Task item: Everything in the data below is left aside except the lines from the one containing "100 Sheets A4" through the one containing "Vali Şahin, 23"; repeat those exactly.

Supplied material:
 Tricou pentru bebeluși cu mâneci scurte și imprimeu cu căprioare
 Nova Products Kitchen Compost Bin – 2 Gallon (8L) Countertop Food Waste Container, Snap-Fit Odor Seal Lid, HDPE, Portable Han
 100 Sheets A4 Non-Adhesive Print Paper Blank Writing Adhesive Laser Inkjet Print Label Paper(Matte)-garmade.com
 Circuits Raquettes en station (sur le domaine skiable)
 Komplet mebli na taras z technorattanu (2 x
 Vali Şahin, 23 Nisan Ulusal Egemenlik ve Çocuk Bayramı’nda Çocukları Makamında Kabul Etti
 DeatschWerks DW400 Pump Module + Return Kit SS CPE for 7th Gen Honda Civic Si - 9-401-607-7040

* * *

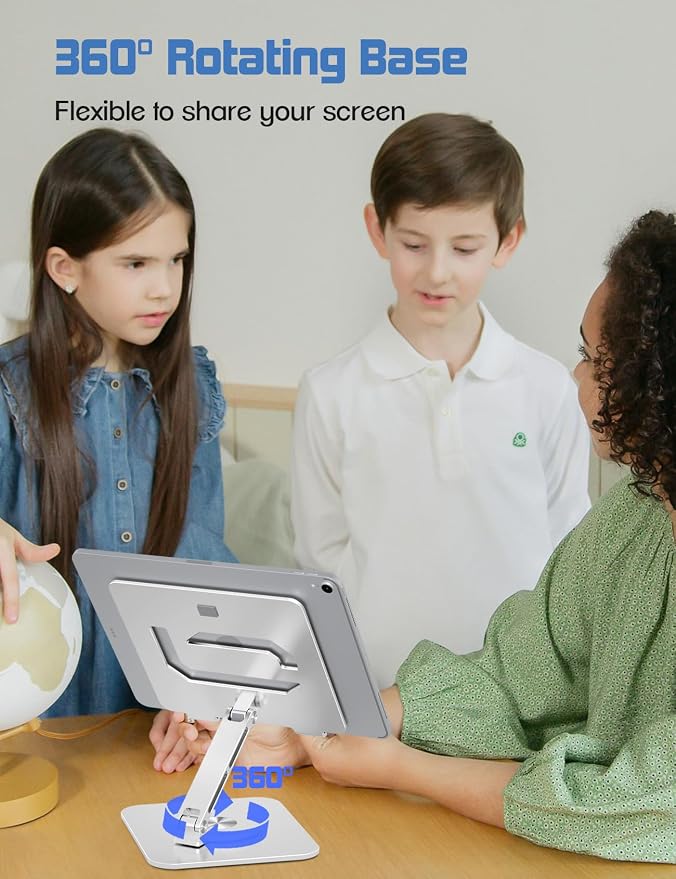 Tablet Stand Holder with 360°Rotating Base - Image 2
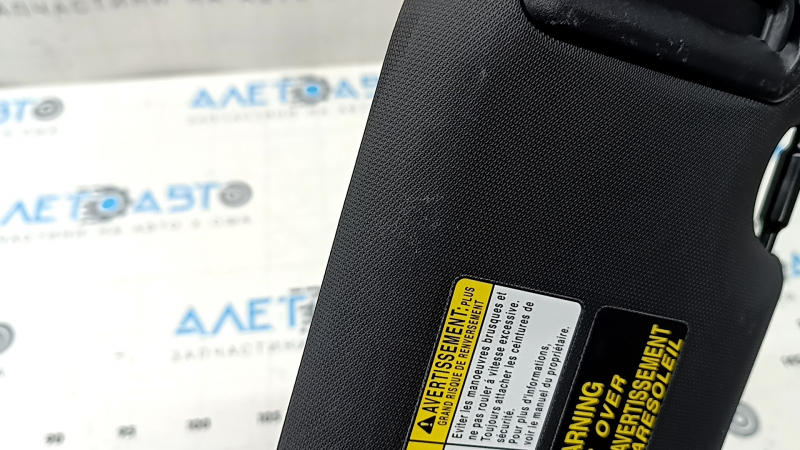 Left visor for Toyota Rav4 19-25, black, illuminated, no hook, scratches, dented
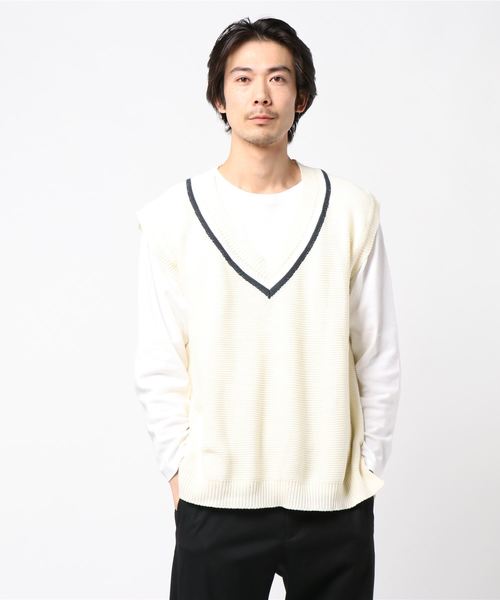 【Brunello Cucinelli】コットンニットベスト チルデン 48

Solution below:
 100 Sheets A4 Non-Adhesive Print Paper Blank Writing Adhesive Laser Inkjet Print Label Paper(Matte)-garmade.com
 Circuits Raquettes en station (sur le domaine skiable)
 Komplet mebli na taras z technorattanu (2 x
 Vali Şahin, 23 Nisan Ulusal Egemenlik ve Çocuk Bayramı’nda Çocukları Makamında Kabul Etti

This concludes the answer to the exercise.